The 11th Strategic Division (; Abbr.: 11 DIV STRAT), stylized XI Division, was a division-sized combat formation of the Malaysian Army.

The XI Division was the only division-sized combat formation made completely of army reserve officers and men from the Malaysian Armed Forces Reserve until it was transformed into a strategic division on 2 May 1984. On 31 December 1993, the division was disbanded. What remained of its headquarters, including personnel and facilities, was absorbed into the newly formed Malaysian Army Training and Doctrine Command.

History

Founded as an infantry combat formation 
This combat formation was established in 1969 as the 11th Infantry Division at Damansara Camp in Kuala Lumpur as a combat formation for the Malaysian Army to defend Malay Peninsula in the event of an armed conflict. It was established as a result of a collaboration between the Ministry of Defense and the University of Malaya, which at the time wanted to build a garrison for the university's reserve army. As part of the agreement between the Ministry of Defense and the University of Malaya, the garrison was built by the federal government on the university's land, but the garrison must be shared with the headquarters of the 11th Infantry Division.

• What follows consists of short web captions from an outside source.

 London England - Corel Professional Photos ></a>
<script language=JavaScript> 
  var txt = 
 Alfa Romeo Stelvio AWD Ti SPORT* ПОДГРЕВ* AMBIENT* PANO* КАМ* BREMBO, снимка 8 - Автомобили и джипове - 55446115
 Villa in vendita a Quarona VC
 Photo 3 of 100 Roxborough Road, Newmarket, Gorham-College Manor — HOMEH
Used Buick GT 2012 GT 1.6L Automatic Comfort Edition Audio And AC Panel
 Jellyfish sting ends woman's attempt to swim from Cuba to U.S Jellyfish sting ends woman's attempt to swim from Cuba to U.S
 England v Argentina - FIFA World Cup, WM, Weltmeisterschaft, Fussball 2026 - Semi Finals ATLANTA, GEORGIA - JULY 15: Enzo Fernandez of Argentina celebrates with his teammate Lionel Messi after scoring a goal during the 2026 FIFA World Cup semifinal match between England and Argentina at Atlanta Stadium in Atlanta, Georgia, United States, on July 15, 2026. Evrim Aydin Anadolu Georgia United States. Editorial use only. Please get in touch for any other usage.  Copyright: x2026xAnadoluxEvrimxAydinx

The division's headquarters remained in Damansara Camp until the year 1984, when it was relocated to Imphal Camp in Kuala Lumpur. The 8th Infantry Brigade is one of the formations under the command of the 11th Infantry Division.

Restructured to an army reserve combat formation 
On 1 January 1980, the army command redesignated the 11th Infantry Division as the 11th Reserve Army Division, or Divisyen ke-11 Pasukan Simpanan Tentera Darat (: 11 DIV (PSTD)) in Malay. Its new role is to coordinate all reserve units under the Malaysian Army. Prior to this, the reserve army was not centralized, and its discipline was not as strict as that of the regular army. Many issues, especially logistics, were minimised under the command of the 11th Reserve Army Division.

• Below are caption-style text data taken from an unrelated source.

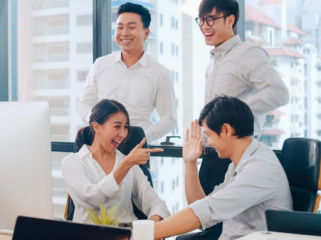 Job hugging, tren baru yang bisa hambat karier, begini tanda dan cara mengatasinya.(Foto: Freepik/tirachardz)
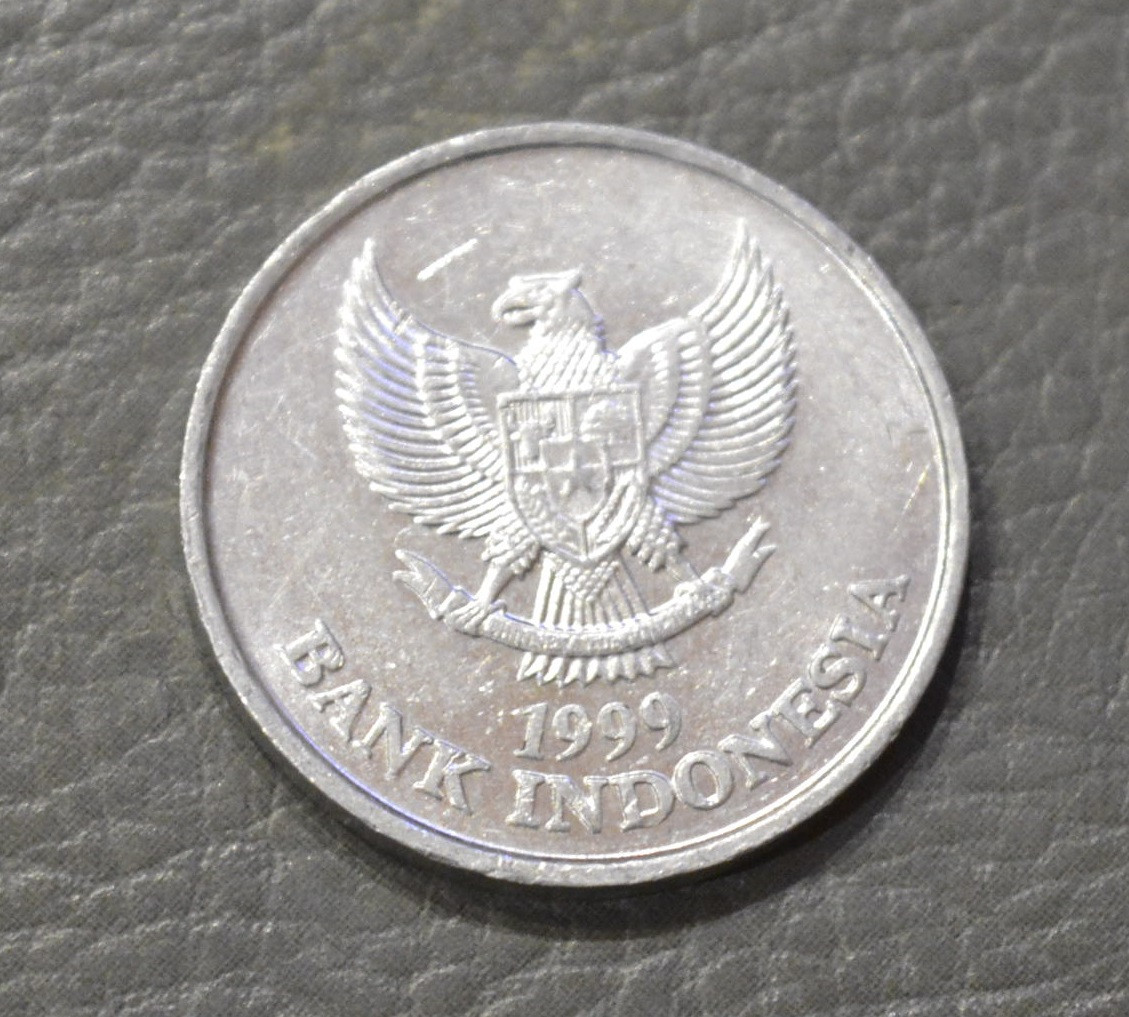 Індонезія 100 рупій 1999 рік (БЖ)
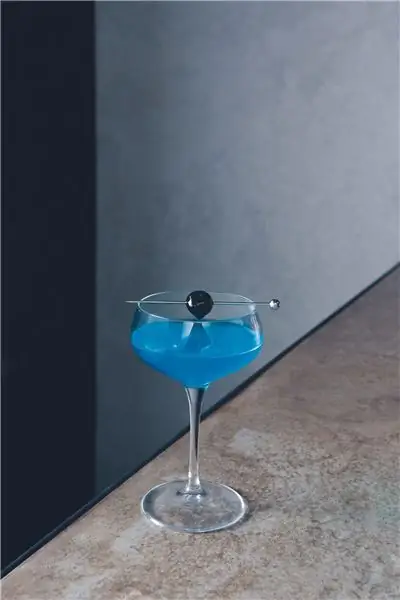 В отличие от Aviation, Blue Devil имеет лазурный цвет, а не фиолетовый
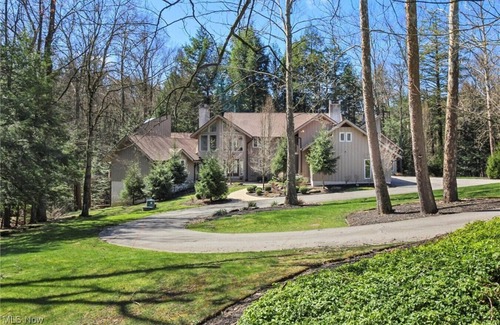 Hunting Valley House | Indoor Pool|Sauna|Theater Room|Bar|Sleeps 10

Restructured to an experimental combat formation 
On 2 May 1984, the 11th Reserve Army Division was restructured as the 11th Strategic Division, with the division's responsibilities including experimenting with military strategy and logistics so the Malaysian Army could have advantages in combat. On 1 March 1987, the 11 DIV STRAT chose the 8th Battalion of the Royal Ranger Regiment to be trained as an airborne unit in order to analyse its combat effectiveness. By July 1990, the efficiency of the airborne unit in combat had been recognised by higher command. As a result, two more battalions were selected to be converted to airborne roles at the end of 1990 and in 1992.

The units that were under the command of the 11th Strategic Division at the time included the 10th Strategic Brigade (now known as the 10th Parachute Brigade) and 8th Squadron, Royal Army Engineers Regiment.

Dissolved 
The Malaysian Army dissolved the 11th Strategic Division on 31 December 1993. The personnel and facilities of the 11 DIV STRAT HQ were absorbed into the newly established Malaysian Army Training and Doctrine Command.